I am probably going to get a male. I do like the more built look in a dog and the loyal mateship relationship.

If he is not neut. does it create alot of problems fighting with other dogs? Or roaming looking for a bitch on heat?


----------



## 1notenough

well i'll tell you my dogs do wrestle a bit.Not very often do they get out of hand I wont allow that kind of horse play.They are twins so they may have something to do with it.Twins but thats it they are as different as apples and oranges,they dont even look alike.They do get along very well


----------



## Vlicked

We got a male...we originally wanted a female because they are "supposed" to be easier to train. When talking with our breeder, she said males are more affectionate and females are, well, bitches. They have more of a "when I want to" kind of attitude and are actually a bit more headstrong. But like everyone else here says, V's are just affectionate dogs! And our male has been the easiest dog I've ever trained!!! 

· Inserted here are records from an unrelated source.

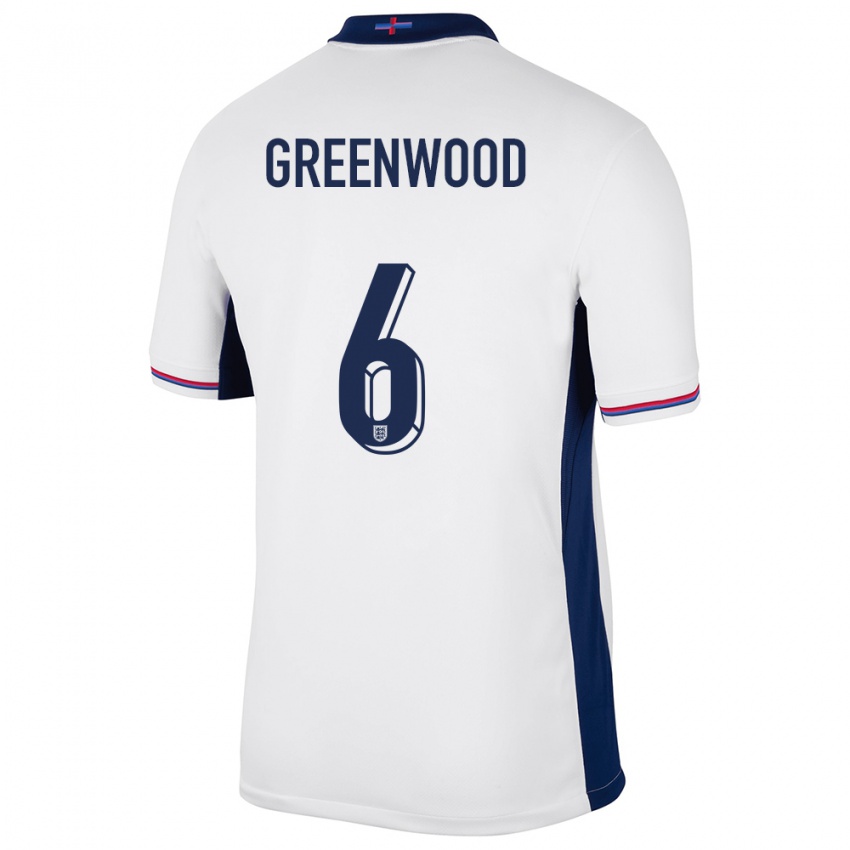 Niño Camiseta Inglaterra Alex Greenwood #6 Blanco 1ª Equipación 24-26 La Camisa Argentina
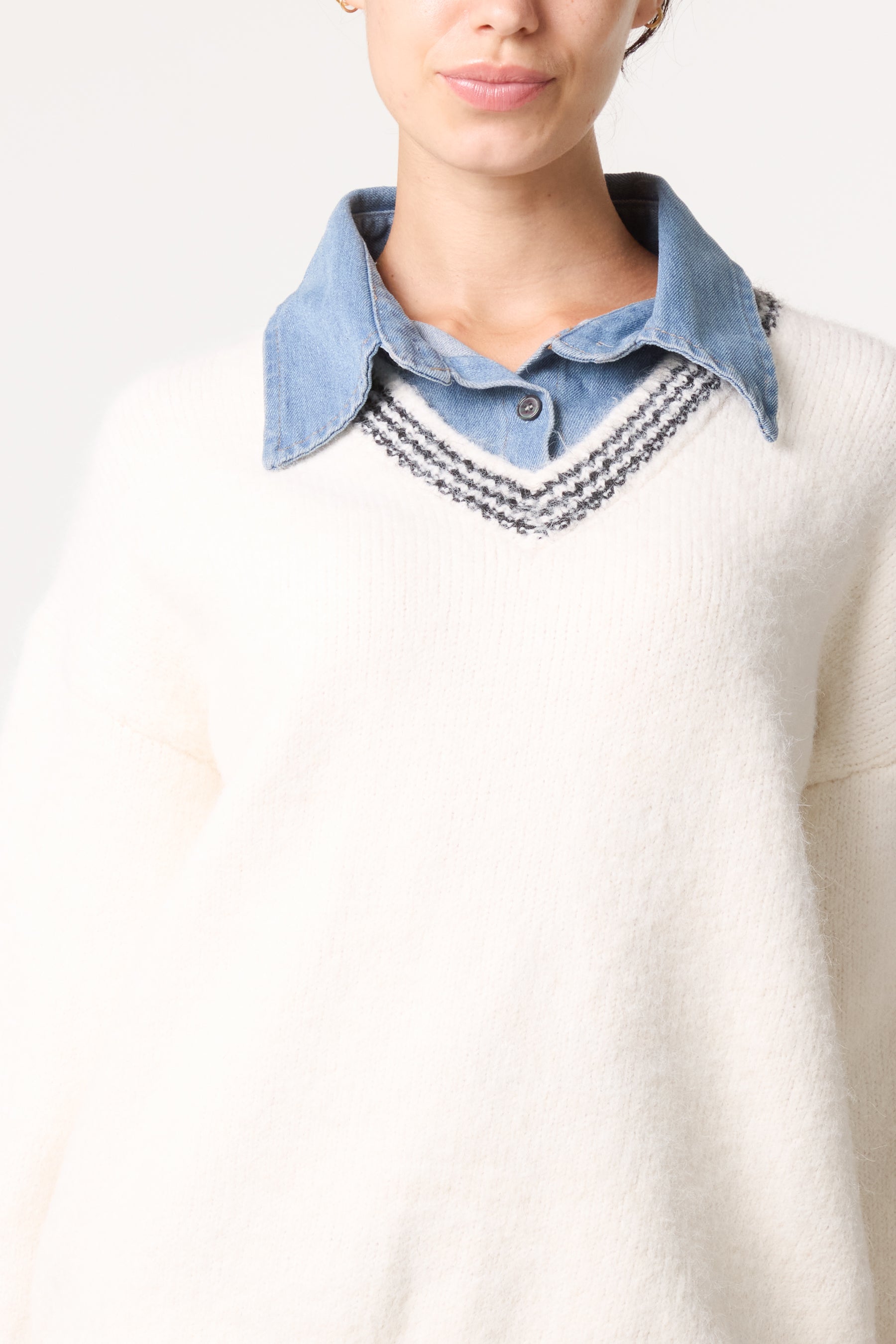Denim Shirt Collar Knit Jumper
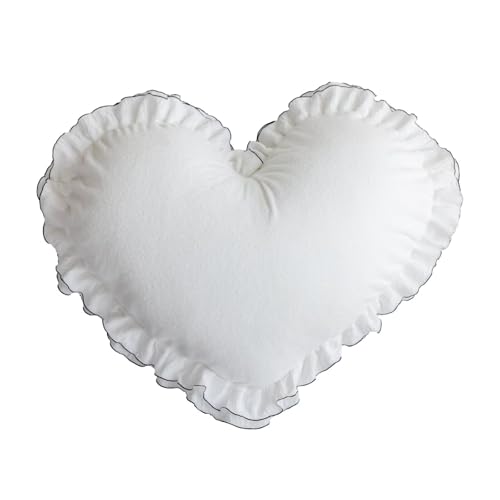 Cuscino con volant, bianco in peluche a forma di cuore e quadrato, decorativo, con bordi in pizzo con volant, chiusura a cerniera, per divano, letto, soggiorno, camera da letto, auto, camera da letto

And, as the old saying goes, it wouldn't be hunting season without your bitch in heat. Murphy's Law I think they just go hand in hand! We did decide to get our male neutered (only because we found out I'm pregnant) and just wanted one last thing to deal with since he was starting to become more interested in the ladies. Otherwise, he was a very submissive guy to other males before then, and I was just concerned because the other male dogs (even neutered) always seemed to single him out to put on the ground. I would have hated for anything to escalate. But, with you being in the country, you might not have as many encounters. And, it is always possible for males to roam. The labs my dad had when I was young were intact and would be gone for days (but my dad didn't do the best job at training/keeping them around!).

I think no matter what you chose, you will have a very loyal companion. Good luck and have fun!


----------



## UplandV

In general Males mature more slowly than females. Out of the box a female is at a much higher level as far as trainablity. We've had males and female V's, and there both great. The heat thing can totally screw up a female for 30-60 days if they are not intact, which seems to always screw up hunting season.

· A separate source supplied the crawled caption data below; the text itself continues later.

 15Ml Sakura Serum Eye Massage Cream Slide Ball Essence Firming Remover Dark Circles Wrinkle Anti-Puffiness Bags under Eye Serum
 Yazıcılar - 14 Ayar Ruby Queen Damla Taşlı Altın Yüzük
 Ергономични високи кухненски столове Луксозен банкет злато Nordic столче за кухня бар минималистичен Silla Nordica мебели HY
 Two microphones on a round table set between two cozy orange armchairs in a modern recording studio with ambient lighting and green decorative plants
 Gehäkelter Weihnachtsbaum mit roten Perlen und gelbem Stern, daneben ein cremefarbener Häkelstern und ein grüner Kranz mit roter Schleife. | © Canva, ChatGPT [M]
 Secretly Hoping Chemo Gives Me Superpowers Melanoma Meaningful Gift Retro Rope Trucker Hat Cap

Males on the other hand start out more immature, but graudally in my opinion exceed a females potential (unless they are sprayed) as they age.


----------



## Lisa

I'm getting a new Vizsla pup in two weeks. I visited several different breeders in my seach. One breeder explained the difference between males and females as "The females will love you but the males will be in love with you".


----------



## DixiesMom

This may not be the best place to put this...but here is a pic of my new FEMALE. The breeder sent this last week. Only 3 weeks left until I get my new baby!!


----------



## Moreteyne

I am a breeder, love all the posts, I have around 70 dogs under my belt. MALE v FEMALE, no difference what so ever apart from size and dangley bits.
Sensitive, aloof, sulky, head strong, loyal - these are all traits at different times by both sexes.


----------



## Lucy Vizsla

I completely agree with this statement. I have a male and female. In my opinion what they say about the difference between males/females is true. Males tend to be a bit clingy and emotional, while females are a bit more bossy and independent. However, vizslas in general are a very clingy breed, but I think you can train any dog to do almost anything. I think either is a great choice, but my male will not leave my side. I have a shadow 24/7. My female loves to cuddle more, she need to lay my me. Where my male, like the floor to spread out.


----------



## madaboutvizslas

Hey Moreteyne,
70 dogs! Thats dedication. Were they all Vizslas?


----------